ABSTRACT

Between 2001 and the summer of 2008, oil prices increased from around $20 to nearly $150 a barrel. While prices then fell back as a result of the international financial crisis, demand for energy is still expected to grow exponentially, and many predict that oil and gas reserves are on the point of peaking. Western dependence on imported supplies is set to increase. It is estimated that the European Union’s (EU) reliance on imported energy supplies will rise from 50 to 70 per cent of energy requirements and the US’s dependence to 60 per cent by 2025 (Cordesman and Al-Rodhan 2006: 18). It is estimated that in 2035 global energy consumption will be double that of 2005, with fast-developing economies such as those of China and India hungry for ever-increasing supplies of oil and gas.
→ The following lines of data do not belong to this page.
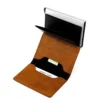 Vintage Leather RFID wallet Aluminum credit card case holder - Image 5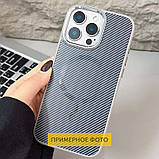 Чохол TPU+PC Carbon Mirage with MagSafe для Apple iPhone 16 Plus (6.7") Grey, фото 3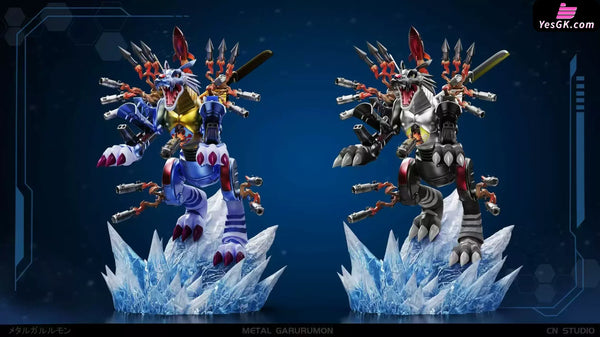 Digimon Metal Garurumon 1/12 GK Statue - Crazy Nest Studio [Pre-Order] Deposit / Original Color / No DLC A Digimon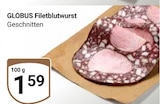 Filetblutwurst Angebote von Globus bei GLOBUS Leipzig für 1,59 €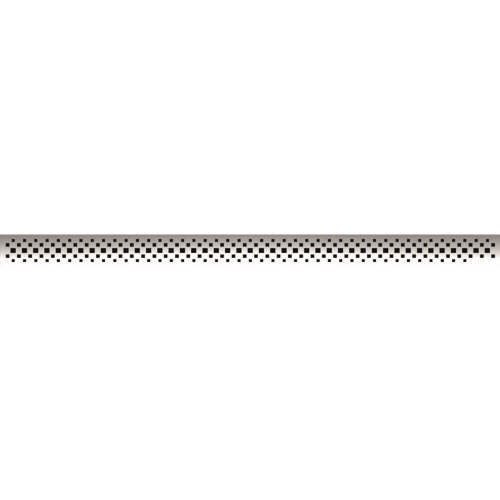 картинка Желоб BERGES водосток напольный С1 Brise 600 нержавеющая сталь, матовый хром, S-сифон боковой от магазина Сантехстрой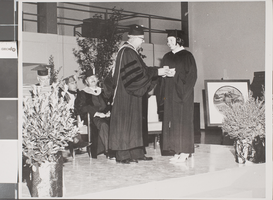 Photograph of Nevada Southern University Commencement, Las Vegas, June 14, 1965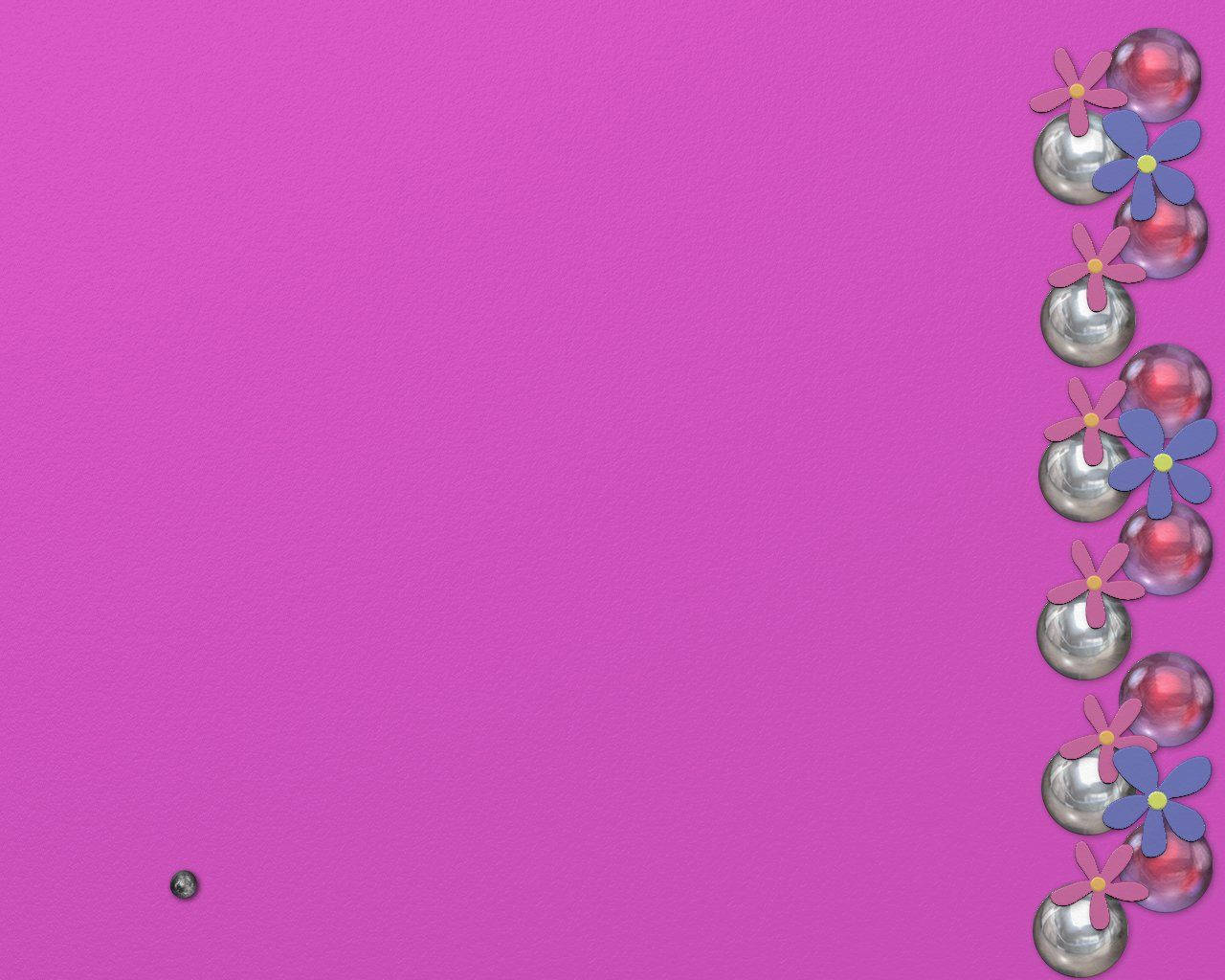 Y2k Aesthetic, vibrant pink background, shiny silver spheres, HD Desktop Wallpaper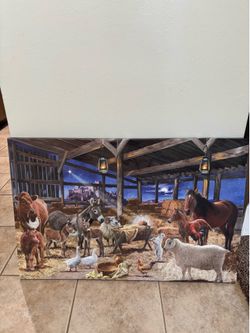 Nativity scene decor frame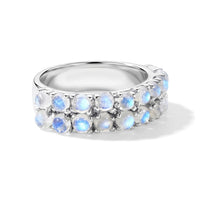 White Moonstone 1.40 ctw Ring in Sterling Silver (Size 7.0)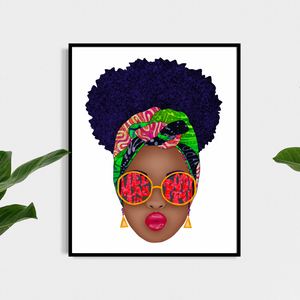 Melanin Poppin' Print - 1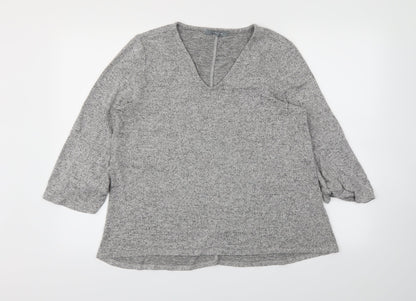Womens UK Size M COIN 1804 Grey Basic T-Shirt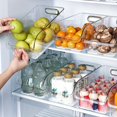 thumbnail image 2 of 1Pc Refrigerator Storage Box Food-Grade Fresh-Keeping Box Household Vegetable, Fruit and Egg Special Drawer Kitchen Organization, 2 of 8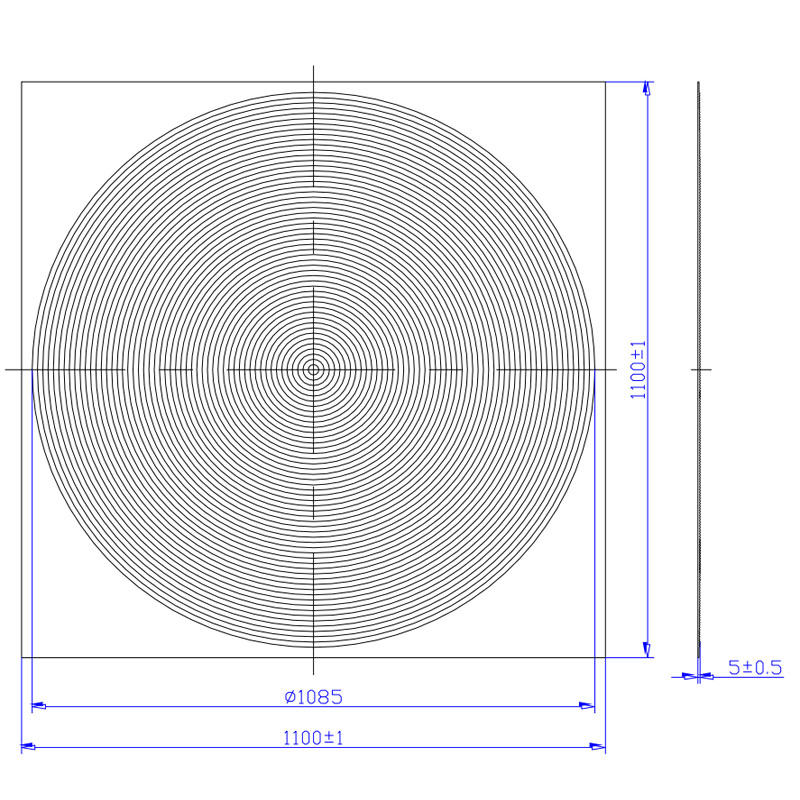 ( Dimension L1100mm  W1100mm ) Solar Fresnel Lenses (PMMA )( HX-FS11001300)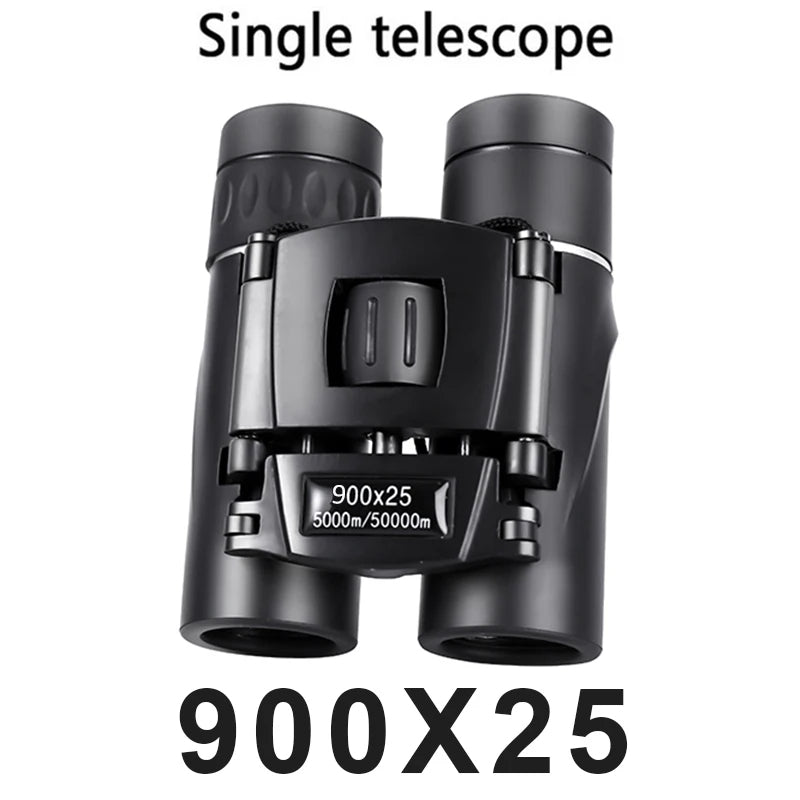 HD Zoom Portable Powerful Binoculars Long Range BAK4 Telescope Jumelles Folding Low Light Binoculars for Hunting,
Non-democratic producer states have enjoyed the succour of increased revenues and greater international leverage. Beyond short-term fluctuations in oil prices, these regimes are widely seen as strongly placed to consolidate their influence over the medium term. This new energy panorama raises many questions. The focus in this chapter

is on one specific issue, namely its impact on democracy. Of the diverse factors affecting democracy’s fortunes, energy would appear to present one of the most open-and-shut cases. As oil and democracy appear never to have mixed well, the new context is widely seen as a major factor quite unequivocally loading the dice even more strongly against democracy. Evidence abounds that the new energy panorama has worked and is working clearly to democracy’s disadvantage. But the chapter digs a little deeper and asks whether the equation is quite as simple, quite as black-and-white as this. Notwithstanding the negative trends associated with the changes to international energy markets, ‘the return of oil’ to international geopolitics has also served as a catalyst for more far-reaching debates over democratization and governance reform. Full-scale democratic reform may be increasingly ‘blocked by oil’ but pressure for some degree of governance reform has itself intensified in response to that same autocratic management of energy resources.